Life being what it is, I couldn’t get away with doing an A to Z without talking about both the migraines I’m dealing with and Status Migrainosus itself. This is an honest post, so it’s probably not as upbeat as I try to keep these posts, and it’s grim even acknowledging that I lived with what I had that was going on and my life was better. There’s a truism to the idea that we never know what is coming next. We never know what’s around the corner, and for stuff like this, better is insanely hard to understand. So, I’m explaining this bit, not to compare or say ‘well, it could be worse’, but… we know that deep down. We know that it could be better, but it often isn’t. Or it could be worse, and that we kinda wonder what that is, and we always – in the darkest hours – that we sometimes think we’ll go there. In my mind, that was increased migraines, or untouchable pain. I’d never heard of status migrainiosus.
Before October, or Pre Status Migrainosus (PSM), my migraines were, in my opinion, the absolute worst thing I’d ever experienced. My migraines were already tending towards rare, but after a head injury in 2008 or so, my migraines went from ‘standard’. as in, yeah, I’d land in bed for a few hours, but I could take sumatriptan, and I’d mostly regulate again, to hemiplegic and confusional migraines occasionally, which were…I’ll be honest, less manageable, but when you’re a mother, and the daughter (and daughter in law) when your migraines are inconveniently timed, you learn to cope, until I can go to sleep or retreat. And in saying that, i know that it sounds like people are torturing me while I deal with migraines – it’s not that. When you’ve flown all the way to the US to enjoy Disney for 14 days, and you’re already lame because of a neck injury, you don’t also let the migraines get in the way, do you?

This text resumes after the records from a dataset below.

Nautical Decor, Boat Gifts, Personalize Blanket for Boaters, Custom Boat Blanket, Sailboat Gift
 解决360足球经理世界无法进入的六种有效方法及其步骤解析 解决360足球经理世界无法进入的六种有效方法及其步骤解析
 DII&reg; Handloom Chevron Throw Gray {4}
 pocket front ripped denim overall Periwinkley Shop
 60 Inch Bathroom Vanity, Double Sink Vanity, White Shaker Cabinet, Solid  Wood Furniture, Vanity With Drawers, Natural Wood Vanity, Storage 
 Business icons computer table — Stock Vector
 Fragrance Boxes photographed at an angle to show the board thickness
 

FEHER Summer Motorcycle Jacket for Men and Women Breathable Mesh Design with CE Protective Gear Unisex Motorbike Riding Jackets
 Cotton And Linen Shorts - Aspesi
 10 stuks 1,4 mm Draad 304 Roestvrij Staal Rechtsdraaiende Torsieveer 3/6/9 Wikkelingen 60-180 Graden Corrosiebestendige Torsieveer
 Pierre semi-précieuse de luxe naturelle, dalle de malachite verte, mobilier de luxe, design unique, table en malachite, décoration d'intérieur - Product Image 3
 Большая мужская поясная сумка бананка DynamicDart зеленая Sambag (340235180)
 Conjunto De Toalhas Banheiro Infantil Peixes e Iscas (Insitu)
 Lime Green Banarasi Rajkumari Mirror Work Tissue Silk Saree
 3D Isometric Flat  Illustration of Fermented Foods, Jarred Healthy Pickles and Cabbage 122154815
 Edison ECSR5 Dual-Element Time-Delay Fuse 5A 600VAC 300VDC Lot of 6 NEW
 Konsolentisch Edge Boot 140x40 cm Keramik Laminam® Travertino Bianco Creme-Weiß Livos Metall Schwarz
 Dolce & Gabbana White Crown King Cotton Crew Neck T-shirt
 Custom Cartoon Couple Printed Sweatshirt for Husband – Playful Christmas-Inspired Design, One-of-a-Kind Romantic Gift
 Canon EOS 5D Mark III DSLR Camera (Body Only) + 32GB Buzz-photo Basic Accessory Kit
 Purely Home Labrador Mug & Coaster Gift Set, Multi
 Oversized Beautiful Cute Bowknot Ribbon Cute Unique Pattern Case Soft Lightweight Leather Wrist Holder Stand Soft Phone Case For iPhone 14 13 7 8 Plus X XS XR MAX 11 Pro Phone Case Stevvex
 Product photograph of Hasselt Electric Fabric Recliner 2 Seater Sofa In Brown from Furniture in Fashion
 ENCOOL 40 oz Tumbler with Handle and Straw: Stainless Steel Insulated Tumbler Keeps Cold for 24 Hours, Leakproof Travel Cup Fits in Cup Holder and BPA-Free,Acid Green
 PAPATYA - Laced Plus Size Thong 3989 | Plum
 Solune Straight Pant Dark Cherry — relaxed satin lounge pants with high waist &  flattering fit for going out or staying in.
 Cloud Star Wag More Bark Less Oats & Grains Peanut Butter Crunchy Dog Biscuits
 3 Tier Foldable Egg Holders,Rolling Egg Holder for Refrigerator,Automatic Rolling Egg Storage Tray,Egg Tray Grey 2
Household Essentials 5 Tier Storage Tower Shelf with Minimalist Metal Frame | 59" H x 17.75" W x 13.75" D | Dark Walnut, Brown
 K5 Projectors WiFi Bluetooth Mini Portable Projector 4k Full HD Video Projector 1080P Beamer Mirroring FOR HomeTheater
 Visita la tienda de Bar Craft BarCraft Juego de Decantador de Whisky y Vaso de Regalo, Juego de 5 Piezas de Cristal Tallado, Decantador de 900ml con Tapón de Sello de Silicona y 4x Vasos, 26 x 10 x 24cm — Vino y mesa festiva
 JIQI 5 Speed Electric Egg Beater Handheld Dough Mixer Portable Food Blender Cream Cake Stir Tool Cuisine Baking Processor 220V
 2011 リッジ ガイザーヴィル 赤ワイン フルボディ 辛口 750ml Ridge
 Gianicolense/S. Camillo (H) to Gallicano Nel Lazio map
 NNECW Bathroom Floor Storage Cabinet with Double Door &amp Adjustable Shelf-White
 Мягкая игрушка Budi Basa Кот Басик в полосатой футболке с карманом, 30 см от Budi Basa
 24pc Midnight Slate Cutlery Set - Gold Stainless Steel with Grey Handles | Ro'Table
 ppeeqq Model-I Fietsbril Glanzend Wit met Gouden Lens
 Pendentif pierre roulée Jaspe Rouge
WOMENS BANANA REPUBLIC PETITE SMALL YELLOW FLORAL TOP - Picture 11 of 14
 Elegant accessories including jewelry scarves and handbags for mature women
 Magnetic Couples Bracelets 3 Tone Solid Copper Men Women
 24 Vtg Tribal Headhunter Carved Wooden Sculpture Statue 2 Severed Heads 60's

When you’re on holiday in the Dominican, do you stay in bed, or grit your teeth?
The answer of course is grit your teeth.
I’ve always lived with some level of pain – between being a very clumsy person, and having periods that aren’t great (I wrote a book about it, but more on that later, much later), and I need to wear a TENS machine and incontinence pants to get through them, so my headaches were never the worst of my issues.
And then October happened, and my prior migraines looked like warning tremors compared to this. I’ll talk more about that in S is for Status Migrainosus.